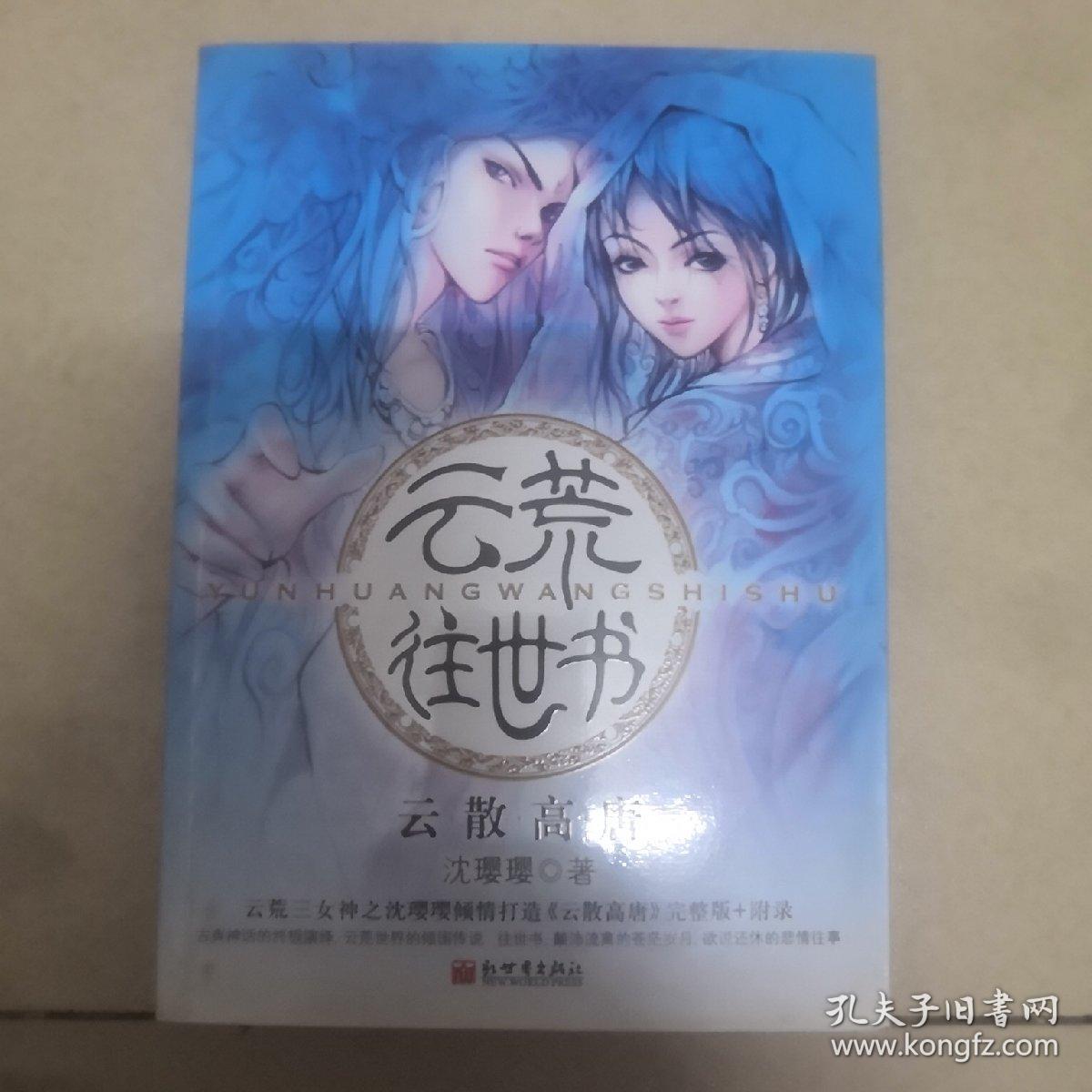 云荒往世书·云散高唐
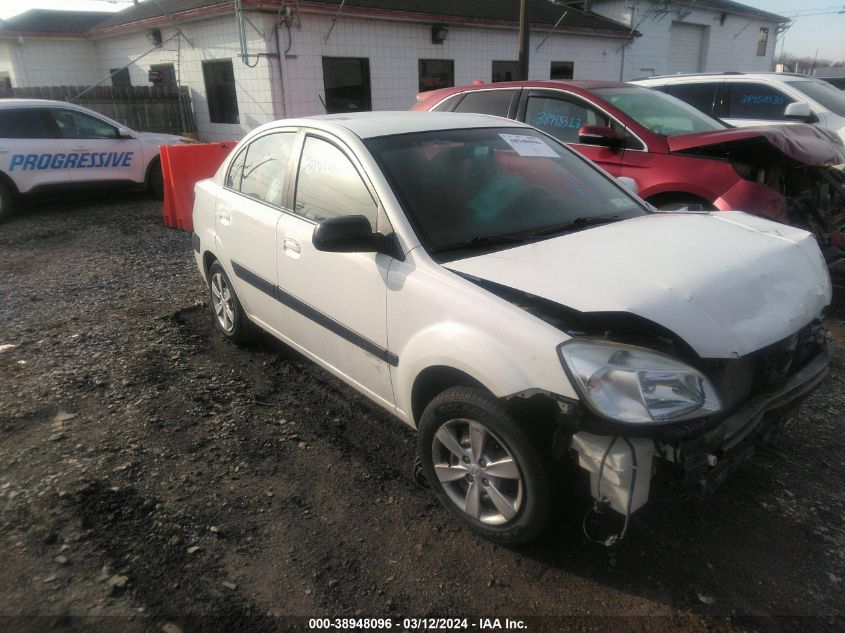 2009 Kia Rio Lx VIN: KNADE223796523917 Lot: 38948096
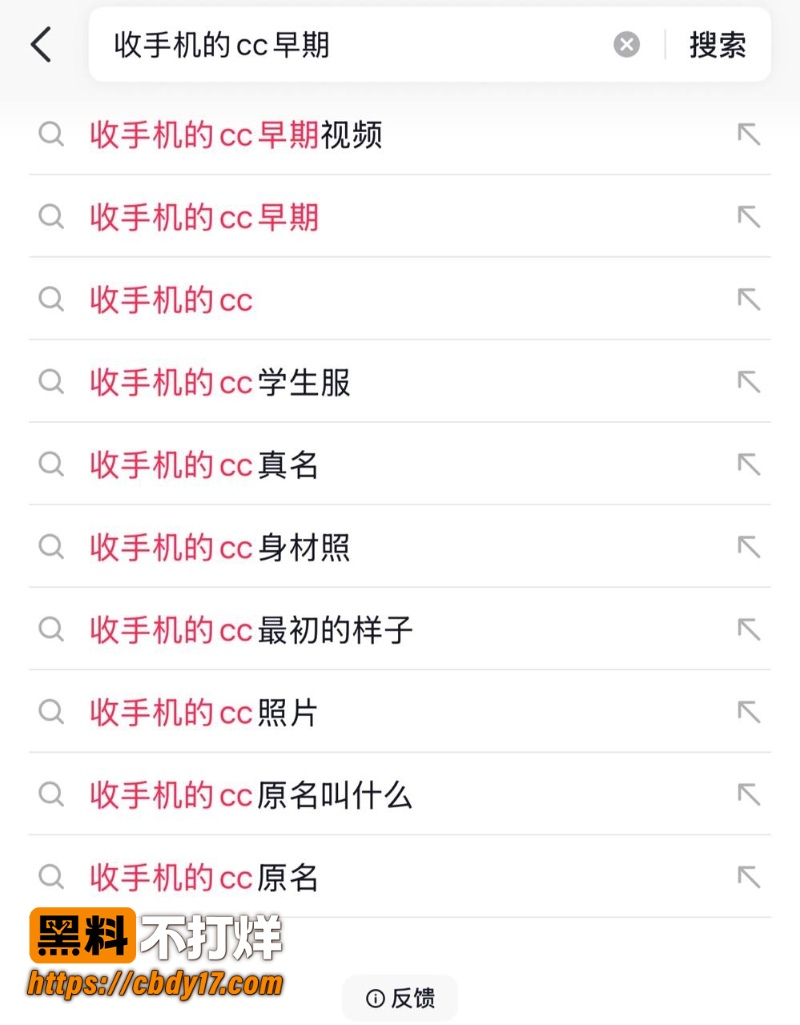 收手机的CC 7
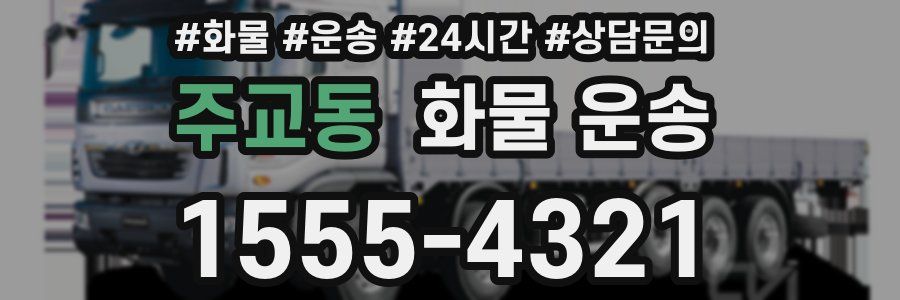 주교동 화물 운송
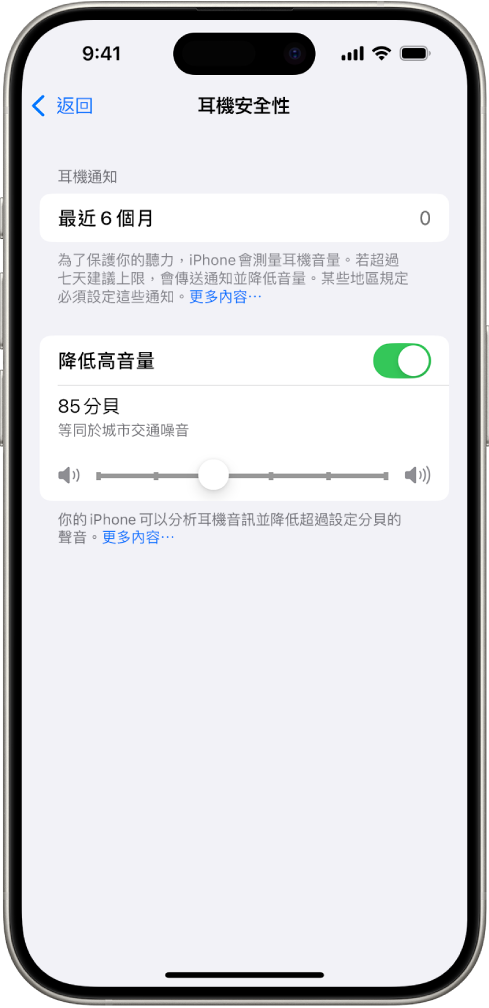「耳機安全性」畫面，顯示過去 6 個月傳送耳機通知數、「降低高音量」選項、更改最大分貝數的滑桿，以及所選的 85 分貝上限。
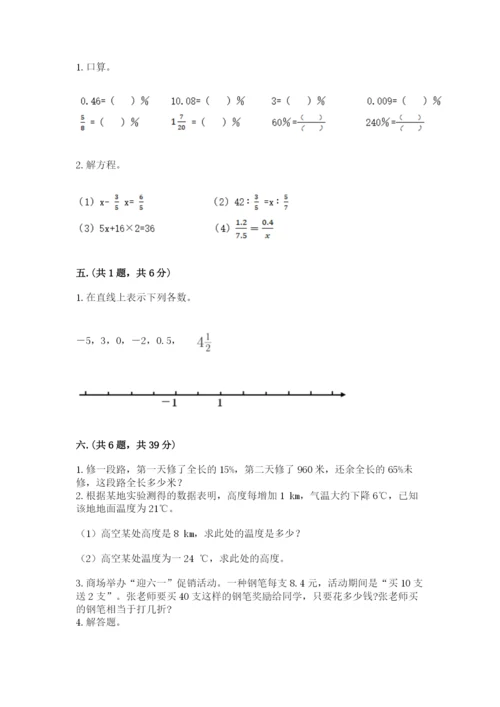 实用小学数学青岛版六年级下册期末测试卷精编.docx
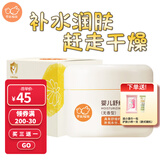 拉比  贝比拉比婴儿舒缓补水霜50g无香型 宝宝润肤乳儿童面霜保湿面霜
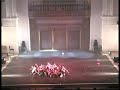 Dance Challenge 2008: Westminster - Hampden Gurney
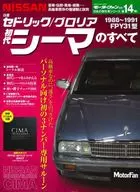 All of the first Nissan Cima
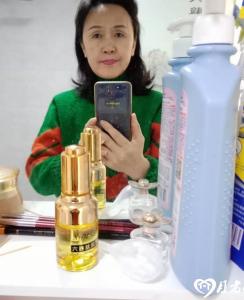 乐姨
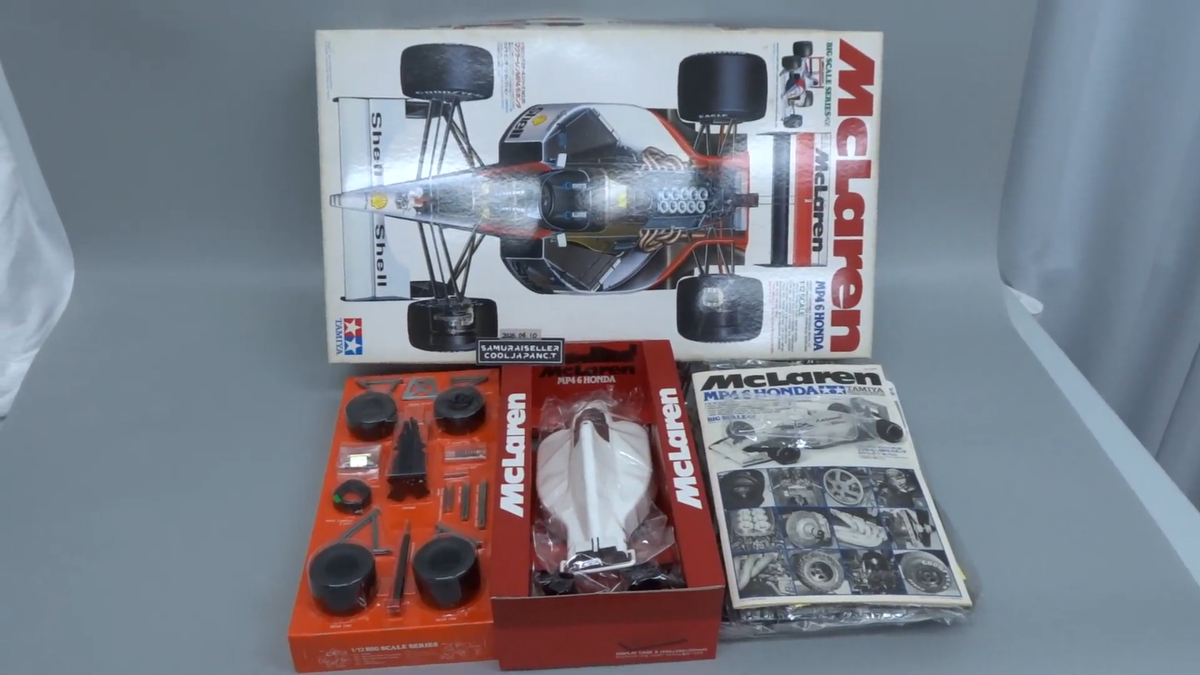 Tamiya 1/12 McLaren Honda MP4/6 Big Scale Series Model Kit Ayrton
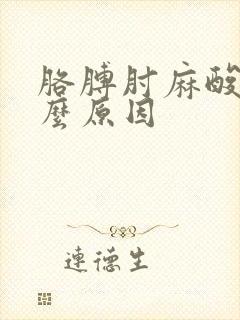 胳膊肘麻酸痛什么原因封面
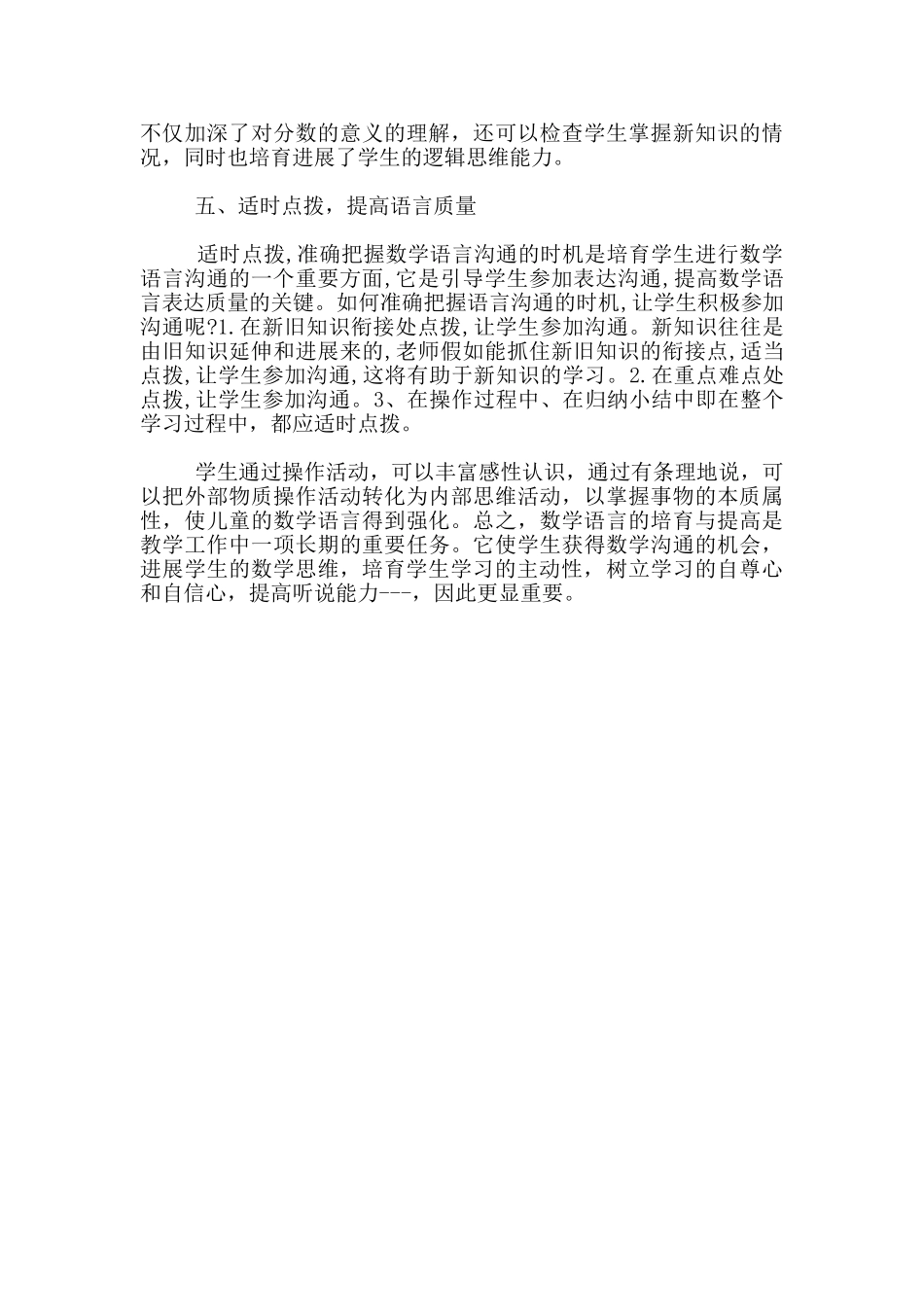 说说小学生的数学语言_第3页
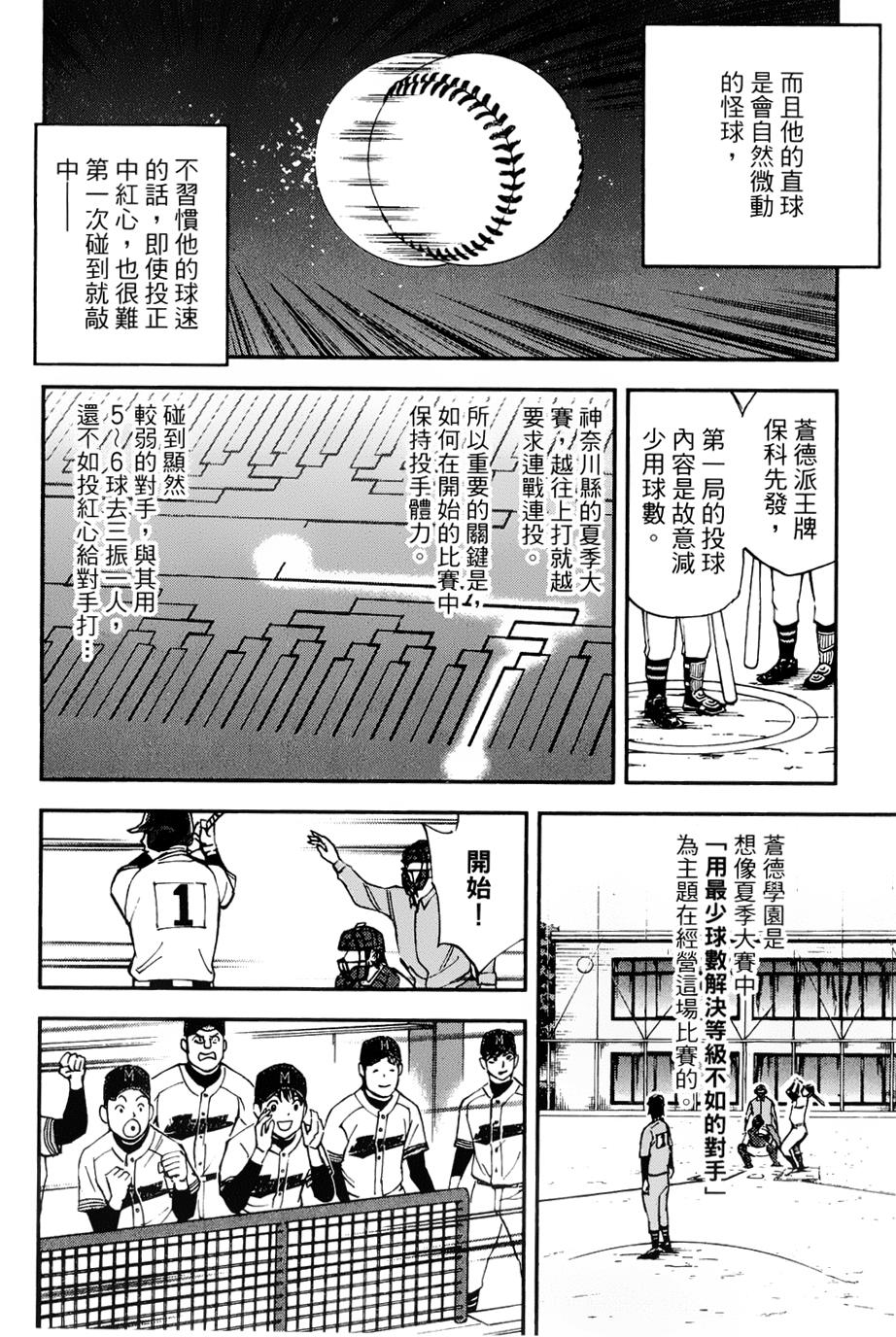 GRAND SLAM满贯全垒打 第15话 第11页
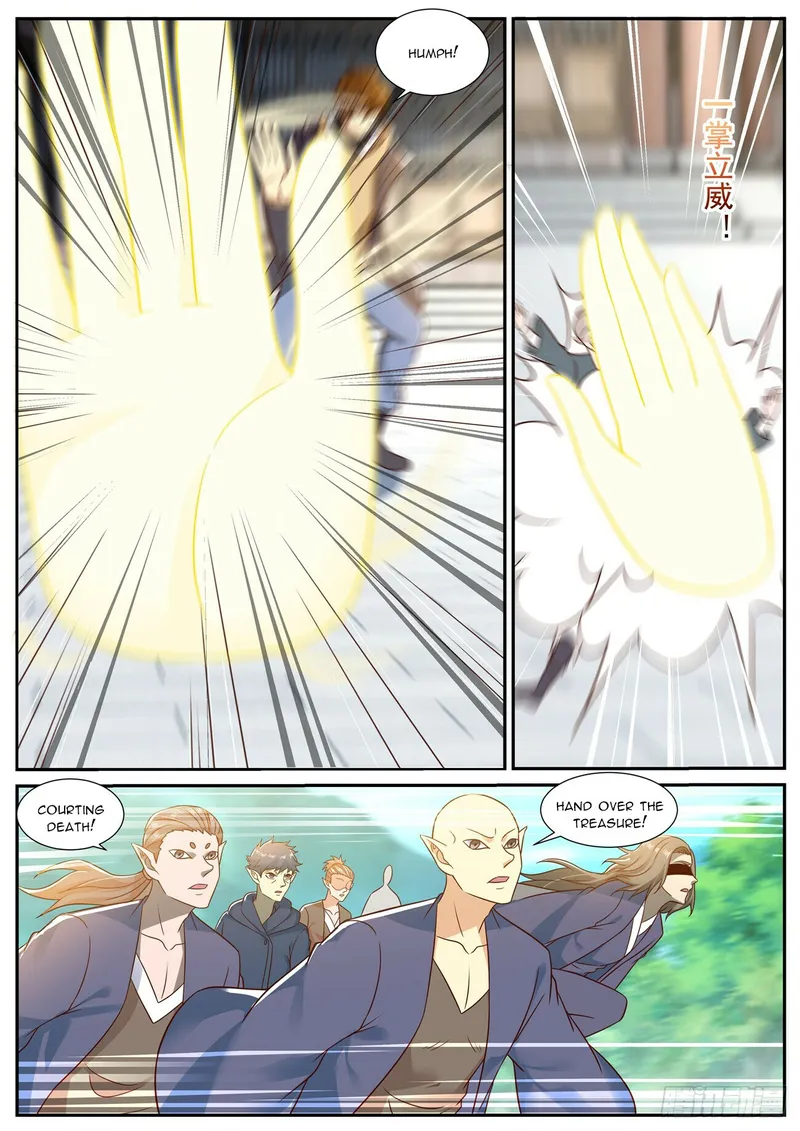 Page 5 of Chapter 884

◆ Exercise goal
Would you return the records exactly, keeping out every picture?

◆ Exercise answer
 云荒往世书·云散高唐
 2009 Kia Rio Lx VIN: KNADE223796523917 Lot: 38948096
 收手机的CC 7
 주교동 화물 운송
「耳機安全性」畫面，顯示過去 6 個月傳送耳機通知數、「降低高音量」選項、更改最大分貝數的滑桿，以及所選的 85 分貝上限。
 实用小学数学青岛版六年级下册期末测试卷精编.docx
 拉比  贝比拉比婴儿舒缓补水霜50g无香型 宝宝润肤乳儿童面霜保湿面霜
 Dance Challenge 2008: Westminster - Hampden Gurney
 All of the first Nissan Cima
 乐姨
 Tamiya 1/12 McLaren Honda MP4/6 Big Scale Series Model Kit Ayrton
 胳膊肘麻酸痛什么原因封面
 说说小学生的数学语言_第3页
 GRAND SLAM满贯全垒打 第15话 第11页
 Page 5 of Chapter 884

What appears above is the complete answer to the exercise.